--- Listed entries Enclosed Below ---
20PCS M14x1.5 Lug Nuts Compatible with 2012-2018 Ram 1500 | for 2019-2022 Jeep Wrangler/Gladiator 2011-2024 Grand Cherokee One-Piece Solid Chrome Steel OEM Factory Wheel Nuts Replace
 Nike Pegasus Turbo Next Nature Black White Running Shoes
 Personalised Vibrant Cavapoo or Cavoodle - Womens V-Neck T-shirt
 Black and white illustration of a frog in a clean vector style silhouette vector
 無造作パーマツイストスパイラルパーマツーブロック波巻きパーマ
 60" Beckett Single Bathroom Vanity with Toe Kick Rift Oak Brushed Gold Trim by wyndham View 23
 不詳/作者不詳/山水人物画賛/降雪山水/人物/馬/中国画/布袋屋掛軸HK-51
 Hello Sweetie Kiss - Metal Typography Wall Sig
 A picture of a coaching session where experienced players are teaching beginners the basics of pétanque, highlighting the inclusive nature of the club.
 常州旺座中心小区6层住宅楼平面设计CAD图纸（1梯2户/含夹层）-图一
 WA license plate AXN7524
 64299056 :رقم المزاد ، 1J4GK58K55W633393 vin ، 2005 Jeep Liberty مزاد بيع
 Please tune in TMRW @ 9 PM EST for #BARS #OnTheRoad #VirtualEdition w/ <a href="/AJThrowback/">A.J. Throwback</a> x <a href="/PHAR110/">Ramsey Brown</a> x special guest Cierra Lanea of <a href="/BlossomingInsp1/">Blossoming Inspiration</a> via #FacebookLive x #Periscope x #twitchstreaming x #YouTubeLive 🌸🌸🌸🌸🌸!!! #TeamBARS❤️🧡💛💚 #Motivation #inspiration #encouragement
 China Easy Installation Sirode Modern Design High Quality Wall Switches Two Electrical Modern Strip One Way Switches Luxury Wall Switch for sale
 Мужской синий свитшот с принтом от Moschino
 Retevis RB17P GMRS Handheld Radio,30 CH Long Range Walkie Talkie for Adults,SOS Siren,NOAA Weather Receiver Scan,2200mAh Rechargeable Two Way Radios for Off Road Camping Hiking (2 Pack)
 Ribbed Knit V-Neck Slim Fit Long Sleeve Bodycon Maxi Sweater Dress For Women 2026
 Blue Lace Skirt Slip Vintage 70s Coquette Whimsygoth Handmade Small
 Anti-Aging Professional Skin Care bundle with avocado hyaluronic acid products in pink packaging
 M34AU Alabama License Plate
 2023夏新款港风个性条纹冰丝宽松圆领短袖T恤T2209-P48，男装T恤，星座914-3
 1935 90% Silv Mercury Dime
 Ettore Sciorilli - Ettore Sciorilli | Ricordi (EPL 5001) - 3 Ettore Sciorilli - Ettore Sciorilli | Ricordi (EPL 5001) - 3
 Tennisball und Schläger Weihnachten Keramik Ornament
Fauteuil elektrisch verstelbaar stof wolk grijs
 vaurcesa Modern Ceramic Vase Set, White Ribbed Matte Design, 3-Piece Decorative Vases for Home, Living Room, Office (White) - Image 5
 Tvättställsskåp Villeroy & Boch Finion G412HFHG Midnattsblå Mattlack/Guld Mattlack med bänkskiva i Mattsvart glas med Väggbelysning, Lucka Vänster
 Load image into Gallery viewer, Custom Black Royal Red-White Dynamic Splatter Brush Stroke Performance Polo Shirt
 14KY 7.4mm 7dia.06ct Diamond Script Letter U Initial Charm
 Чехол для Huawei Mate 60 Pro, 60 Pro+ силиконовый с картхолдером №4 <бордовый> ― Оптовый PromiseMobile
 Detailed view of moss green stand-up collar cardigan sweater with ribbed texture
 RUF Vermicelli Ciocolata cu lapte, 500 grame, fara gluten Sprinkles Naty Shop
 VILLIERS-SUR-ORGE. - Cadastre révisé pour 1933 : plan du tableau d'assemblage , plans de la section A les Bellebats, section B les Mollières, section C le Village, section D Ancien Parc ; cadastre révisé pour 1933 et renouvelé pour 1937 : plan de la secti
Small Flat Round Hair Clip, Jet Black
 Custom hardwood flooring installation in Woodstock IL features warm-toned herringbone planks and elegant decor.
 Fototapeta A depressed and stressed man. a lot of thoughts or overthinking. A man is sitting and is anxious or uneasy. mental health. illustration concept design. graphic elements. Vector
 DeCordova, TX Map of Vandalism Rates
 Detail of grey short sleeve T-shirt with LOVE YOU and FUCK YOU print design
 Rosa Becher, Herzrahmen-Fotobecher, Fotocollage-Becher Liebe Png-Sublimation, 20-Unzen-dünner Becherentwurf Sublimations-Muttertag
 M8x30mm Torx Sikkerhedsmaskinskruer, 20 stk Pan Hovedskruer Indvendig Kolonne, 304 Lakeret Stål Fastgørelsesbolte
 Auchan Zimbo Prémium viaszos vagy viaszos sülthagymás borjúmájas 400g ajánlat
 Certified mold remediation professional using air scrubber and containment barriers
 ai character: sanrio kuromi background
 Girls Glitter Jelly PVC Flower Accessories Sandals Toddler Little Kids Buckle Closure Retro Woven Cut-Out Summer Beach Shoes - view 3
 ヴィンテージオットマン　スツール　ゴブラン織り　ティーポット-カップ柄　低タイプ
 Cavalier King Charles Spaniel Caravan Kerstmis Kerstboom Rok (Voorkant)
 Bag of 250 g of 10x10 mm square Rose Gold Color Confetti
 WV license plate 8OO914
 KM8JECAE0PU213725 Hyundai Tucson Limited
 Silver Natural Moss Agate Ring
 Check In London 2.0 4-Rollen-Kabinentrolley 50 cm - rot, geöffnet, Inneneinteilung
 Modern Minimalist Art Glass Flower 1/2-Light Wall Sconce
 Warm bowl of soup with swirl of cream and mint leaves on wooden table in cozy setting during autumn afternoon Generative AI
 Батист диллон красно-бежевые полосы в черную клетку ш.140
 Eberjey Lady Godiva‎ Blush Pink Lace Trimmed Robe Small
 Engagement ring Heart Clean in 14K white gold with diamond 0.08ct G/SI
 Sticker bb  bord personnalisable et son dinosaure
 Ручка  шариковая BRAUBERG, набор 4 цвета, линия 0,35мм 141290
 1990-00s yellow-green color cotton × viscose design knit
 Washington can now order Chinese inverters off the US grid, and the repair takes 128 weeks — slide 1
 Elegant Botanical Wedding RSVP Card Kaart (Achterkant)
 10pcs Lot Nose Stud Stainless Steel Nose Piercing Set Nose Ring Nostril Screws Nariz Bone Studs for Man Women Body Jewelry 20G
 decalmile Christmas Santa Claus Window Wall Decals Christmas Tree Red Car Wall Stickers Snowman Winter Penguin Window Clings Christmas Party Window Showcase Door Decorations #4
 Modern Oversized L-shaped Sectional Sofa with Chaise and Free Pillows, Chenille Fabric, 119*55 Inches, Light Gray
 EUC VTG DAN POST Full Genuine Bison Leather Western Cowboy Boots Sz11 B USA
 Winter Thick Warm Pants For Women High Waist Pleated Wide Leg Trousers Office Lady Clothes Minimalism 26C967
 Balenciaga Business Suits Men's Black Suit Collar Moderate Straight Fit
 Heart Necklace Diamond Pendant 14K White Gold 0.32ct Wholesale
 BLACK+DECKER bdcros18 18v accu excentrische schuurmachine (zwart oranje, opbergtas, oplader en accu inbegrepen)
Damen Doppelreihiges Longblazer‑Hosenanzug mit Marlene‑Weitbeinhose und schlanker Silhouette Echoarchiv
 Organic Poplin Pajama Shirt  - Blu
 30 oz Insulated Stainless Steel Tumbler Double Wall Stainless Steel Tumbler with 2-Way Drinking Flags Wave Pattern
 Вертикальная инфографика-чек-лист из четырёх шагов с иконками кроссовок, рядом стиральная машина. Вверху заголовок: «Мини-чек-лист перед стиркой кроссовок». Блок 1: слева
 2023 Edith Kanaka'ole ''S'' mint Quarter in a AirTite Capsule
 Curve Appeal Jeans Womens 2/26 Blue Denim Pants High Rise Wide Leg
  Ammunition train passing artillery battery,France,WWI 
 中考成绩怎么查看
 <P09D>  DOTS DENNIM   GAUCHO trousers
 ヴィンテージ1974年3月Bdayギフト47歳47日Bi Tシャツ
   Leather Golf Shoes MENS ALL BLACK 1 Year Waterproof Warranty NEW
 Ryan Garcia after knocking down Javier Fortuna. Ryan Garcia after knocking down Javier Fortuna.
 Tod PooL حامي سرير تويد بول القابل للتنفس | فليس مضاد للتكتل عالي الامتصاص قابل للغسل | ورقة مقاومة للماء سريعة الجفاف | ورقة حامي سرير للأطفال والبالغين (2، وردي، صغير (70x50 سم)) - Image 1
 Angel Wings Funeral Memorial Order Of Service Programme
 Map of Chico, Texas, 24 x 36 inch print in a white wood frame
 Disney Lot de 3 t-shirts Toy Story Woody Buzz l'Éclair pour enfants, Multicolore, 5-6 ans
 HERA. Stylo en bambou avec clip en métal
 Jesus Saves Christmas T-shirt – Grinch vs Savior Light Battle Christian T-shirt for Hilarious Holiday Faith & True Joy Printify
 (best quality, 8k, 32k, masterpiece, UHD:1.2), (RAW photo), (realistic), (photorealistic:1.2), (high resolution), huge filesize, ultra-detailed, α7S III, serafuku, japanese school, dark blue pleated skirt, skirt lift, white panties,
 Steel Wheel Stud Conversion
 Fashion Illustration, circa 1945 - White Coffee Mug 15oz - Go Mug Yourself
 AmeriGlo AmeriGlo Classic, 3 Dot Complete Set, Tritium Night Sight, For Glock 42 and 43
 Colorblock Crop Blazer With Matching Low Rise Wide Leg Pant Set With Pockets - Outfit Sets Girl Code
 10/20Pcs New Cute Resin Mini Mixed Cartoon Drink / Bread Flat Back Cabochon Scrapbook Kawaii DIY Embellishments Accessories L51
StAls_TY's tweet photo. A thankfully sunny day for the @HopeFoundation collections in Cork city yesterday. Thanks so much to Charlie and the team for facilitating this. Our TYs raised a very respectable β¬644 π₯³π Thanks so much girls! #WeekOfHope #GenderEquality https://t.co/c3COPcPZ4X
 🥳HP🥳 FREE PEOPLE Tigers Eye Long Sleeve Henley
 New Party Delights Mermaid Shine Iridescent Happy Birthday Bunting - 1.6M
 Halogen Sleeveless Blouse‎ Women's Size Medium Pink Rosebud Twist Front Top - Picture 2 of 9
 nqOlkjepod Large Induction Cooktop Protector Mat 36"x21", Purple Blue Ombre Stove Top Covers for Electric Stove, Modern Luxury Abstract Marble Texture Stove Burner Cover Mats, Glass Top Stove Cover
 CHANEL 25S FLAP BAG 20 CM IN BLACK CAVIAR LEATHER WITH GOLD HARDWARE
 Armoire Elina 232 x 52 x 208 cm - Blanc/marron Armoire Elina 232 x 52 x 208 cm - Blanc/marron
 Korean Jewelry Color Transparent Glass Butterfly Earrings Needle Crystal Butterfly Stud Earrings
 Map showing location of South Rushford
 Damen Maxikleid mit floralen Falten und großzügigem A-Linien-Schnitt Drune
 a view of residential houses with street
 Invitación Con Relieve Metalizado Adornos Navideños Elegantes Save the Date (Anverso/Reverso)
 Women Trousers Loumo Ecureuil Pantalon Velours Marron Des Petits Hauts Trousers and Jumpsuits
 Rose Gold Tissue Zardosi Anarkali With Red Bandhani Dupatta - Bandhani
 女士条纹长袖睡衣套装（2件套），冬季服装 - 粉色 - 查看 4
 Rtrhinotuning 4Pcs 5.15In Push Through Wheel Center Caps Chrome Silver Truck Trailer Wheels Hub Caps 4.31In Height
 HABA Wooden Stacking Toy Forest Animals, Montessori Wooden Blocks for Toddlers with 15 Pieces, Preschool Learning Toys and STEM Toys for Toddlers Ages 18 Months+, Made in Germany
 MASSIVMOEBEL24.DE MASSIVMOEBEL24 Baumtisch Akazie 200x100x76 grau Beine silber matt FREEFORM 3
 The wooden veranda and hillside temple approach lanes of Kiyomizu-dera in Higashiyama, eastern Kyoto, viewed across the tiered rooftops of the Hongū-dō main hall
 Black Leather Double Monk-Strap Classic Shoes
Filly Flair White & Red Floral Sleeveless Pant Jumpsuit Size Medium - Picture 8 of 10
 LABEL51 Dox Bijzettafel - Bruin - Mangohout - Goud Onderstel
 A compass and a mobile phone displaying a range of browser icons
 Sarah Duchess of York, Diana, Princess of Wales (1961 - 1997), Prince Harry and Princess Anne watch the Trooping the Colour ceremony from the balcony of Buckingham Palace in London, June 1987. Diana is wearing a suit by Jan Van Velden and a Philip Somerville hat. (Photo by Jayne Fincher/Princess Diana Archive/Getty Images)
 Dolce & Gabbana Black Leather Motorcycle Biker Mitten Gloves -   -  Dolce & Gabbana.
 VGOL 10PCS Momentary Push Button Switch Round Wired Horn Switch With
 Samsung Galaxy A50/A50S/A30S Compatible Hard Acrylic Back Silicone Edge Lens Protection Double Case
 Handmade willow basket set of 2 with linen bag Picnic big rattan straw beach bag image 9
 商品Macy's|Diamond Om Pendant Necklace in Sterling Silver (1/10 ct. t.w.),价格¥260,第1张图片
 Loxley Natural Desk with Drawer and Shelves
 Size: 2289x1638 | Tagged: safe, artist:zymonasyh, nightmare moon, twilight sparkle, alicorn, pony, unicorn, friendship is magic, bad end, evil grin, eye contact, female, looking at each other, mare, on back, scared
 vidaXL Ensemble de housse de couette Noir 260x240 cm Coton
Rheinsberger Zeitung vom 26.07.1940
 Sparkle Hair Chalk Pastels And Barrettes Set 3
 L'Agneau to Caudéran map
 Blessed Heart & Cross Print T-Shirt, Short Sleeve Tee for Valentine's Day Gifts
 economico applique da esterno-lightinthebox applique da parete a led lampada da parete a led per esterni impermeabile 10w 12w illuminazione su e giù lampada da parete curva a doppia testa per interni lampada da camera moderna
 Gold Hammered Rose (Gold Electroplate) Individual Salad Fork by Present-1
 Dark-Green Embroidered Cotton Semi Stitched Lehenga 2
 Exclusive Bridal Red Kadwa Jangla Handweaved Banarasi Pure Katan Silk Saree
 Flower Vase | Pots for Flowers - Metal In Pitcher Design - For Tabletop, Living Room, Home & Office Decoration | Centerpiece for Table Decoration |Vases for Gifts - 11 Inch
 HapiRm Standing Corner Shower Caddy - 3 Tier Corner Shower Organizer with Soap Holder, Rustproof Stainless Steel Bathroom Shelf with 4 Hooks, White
--- End of Enclosed Listed entries ---
▶ **Problem to solve**
Transcribe the lines from the first line of the records through the line that contains "Мужской синий свитшот с принтом от Moschino", both included, and add nothing else.

▶ **Written answer**
20PCS M14x1.5 Lug Nuts Compatible with 2012-2018 Ram 1500 | for 2019-2022 Jeep Wrangler/Gladiator 2011-2024 Grand Cherokee One-Piece Solid Chrome Steel OEM Factory Wheel Nuts Replace
 Nike Pegasus Turbo Next Nature Black White Running Shoes
 Personalised Vibrant Cavapoo or Cavoodle - Womens V-Neck T-shirt
 Black and white illustration of a frog in a clean vector style silhouette vector
 無造作パーマツイストスパイラルパーマツーブロック波巻きパーマ
 60" Beckett Single Bathroom Vanity with Toe Kick Rift Oak Brushed Gold Trim by wyndham View 23
 不詳/作者不詳/山水人物画賛/降雪山水/人物/馬/中国画/布袋屋掛軸HK-51
 Hello Sweetie Kiss - Metal Typography Wall Sig
 A picture of a coaching session where experienced players are teaching beginners the basics of pétanque, highlighting the inclusive nature of the club.
 常州旺座中心小区6层住宅楼平面设计CAD图纸（1梯2户/含夹层）-图一
 WA license plate AXN7524
 64299056 :رقم المزاد ، 1J4GK58K55W633393 vin ، 2005 Jeep Liberty مزاد بيع
 Please tune in TMRW @ 9 PM EST for #BARS #OnTheRoad #VirtualEdition w/ <a href="/AJThrowback/">A.J. Throwback</a> x <a href="/PHAR110/">Ramsey Brown</a> x special guest Cierra Lanea of <a href="/BlossomingInsp1/">Blossoming Inspiration</a> via #FacebookLive x #Periscope x #twitchstreaming x #YouTubeLive 🌸🌸🌸🌸🌸!!! #TeamBARS❤️🧡💛💚 #Motivation #inspiration #encouragement
 China Easy Installation Sirode Modern Design High Quality Wall Switches Two Electrical Modern Strip One Way Switches Luxury Wall Switch for sale
 Мужской синий свитшот с принтом от Moschino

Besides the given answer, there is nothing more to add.